Nephrolithiasis is the medical term used to describe the presence of kidney stones, which are crystalline mineral formations composed of one or more substances found in urine, such as calcium, oxalate, phosphate, or uric acid [1]. The prevalence of this disease among the Spanish population is 5.06%, corresponding to a total of 2,233,214 cases [2].
Among the possible treatments for this disease are pharmacological therapy and different types of lithotripsy, such as extracorporeal shock wave lithotripsy (ESWL), which uses ultrasonic energy generated by an external source; retrograde intrarenal surgery (RIRS), in which a catheter is introduced through the urinary tract; and percutaneous nephrolithotomy (PCNL), which is considered the most invasive of the treatments mentioned above [3,4]. According to the European Association of Urology guidelines, this is indicated for patients with renal stones larger than 2 cm and lower pole stones larger than 1.5 cm. It is also recommended by the American Urological Association (AUA) for patients with staghorn calculi [5]. However, even though PCNL is considered a minimally invasive intervention, it can cause a variety of complications of hemorrhagic or infectious origin.
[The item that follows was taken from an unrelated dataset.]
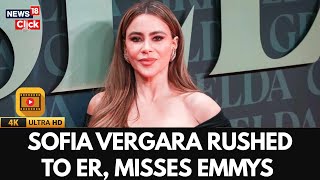 Sofia Vergara Rushes  to ER Over “Craziest Eye Allergy” | Misses Emmys 2025 | 4K Video |  SHOWBIZ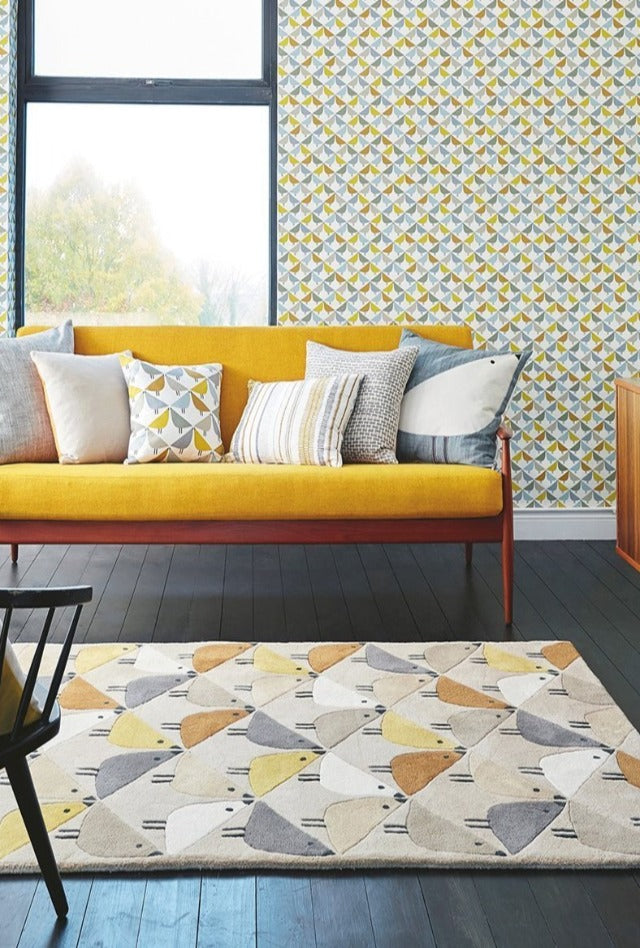 Scion Lintu Dandelion Designer Rug | by Brink & Campman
Several studies estimate the complication rate of this surgery to be between 4% and 50.8% [6].
Recently, there has been a significant rise in the digitalization of data within the healthcare field, which has also led to an increased use of artificial intelligence (AI), here referring to computational systems capable of learning from data, recognizing patterns, and making autonomous decisions [7]. One of the subsections of AI is machine learning (ML), which identifies patterns in categorized datasets and can deal with nonlinear relationships that traditional statistical methods may fail to capture [7,8]. This innovative approach has already been applied, for example, to identify antimicrobial compounds with potential therapeutic properties [7]. Moreover, several ML-based studies in the PCNL field have been conducted to predict outcomes such as transfusion needs, stone-free status, the need for adjuvant treatment, and other postoperative complications [8,9]. Building on these advances, the present study aims to develop a Clinical Decision Support System specifically designed to identify patients at risk of post-surgery complications and hospitalization, using machine learning algorithms.

2. Materials and Methods

2.1. Database

The database includes data of 901 patients that were treated by means of PCNL at the Department of Lithotripsy at La Fe University and Polytechnic Hospital in the city of Valencia, in Spain, between March 2011 and December 2024. As shown in Figure 1, the whole data of a patient can be distinguished as three large data packs: preoperative variables, that are gathered during external consultation before the intervention; intraoperative variables, collected during the PCNL procedure; and postoperative variables, obtained from a blood test performed approximately 4 h after the surgery was completed.
This database is subject to confidentiality restrictions and cannot be shared publicly. Access to the data may be requested from the Department of Lithotripsy of Hospital Fe, subject to institutional approval and compliance with applicable ethical guidelines.

2.2. Exclusion Criteria

Since cancer patients are hospitalized after surgery independently of whether they present any complication or not, due to protocol, these were excluded from the study. Also, pediatric patients fall under the exclusion criteria. Thus, the study is left with 883 patients.

2.3. Predictors

Among the preoperative predictive variables, the following can be found: demographic data, such as sex, age, and Body Mass Index (BMI); results of microbiology tests: culture and microorganism results; the medical history of a patient that includes diabetes variable and classification of anesthesia risk according to the American Society of Anesthesiologists (ASA); and treatment type and a set of variables that describe the stone and its location: side, major diameter, minor diameter, number, location, Guy’s score, Hounsfield Units (HU) and distance.
During the PCNL intervention, the following variables are gathered: patient position, guidance of access, catheterization, contrast, dilation method, multi-trajectory, sheath caliber, fragmentation source, localization ease, duration, drains, and tubeless.
From the blood test results, levels of procalcitonin, leukocytes, and percentage of neutrophils (%neutrophils) are included in the study. The %neutrophils variable was calculated according to
% n e u t r o p h i l s = n e u t r o p h i l s l e u k o c y t e s × 100 ,

2.4. Variables of Interest

The variables of interest, also called labels, are hospitalization need, presence of a complication of hemorrhagic origin, and presence of a complication of infectious origin. All of these are binary. The hospitalization need variable is defined as positive when a patient presents at least one complication from the following list: hematoma, hematuria, sepsis, infection, perforation, reintervention, bleeding, embolization, or transfusion. Hemorrhagic complication is equal to one when a patient presents one of the following complications: hematoma, hematuria, perforation, bleeding, embolization or transfusion, while the infectious complication category includes sepsis or infection.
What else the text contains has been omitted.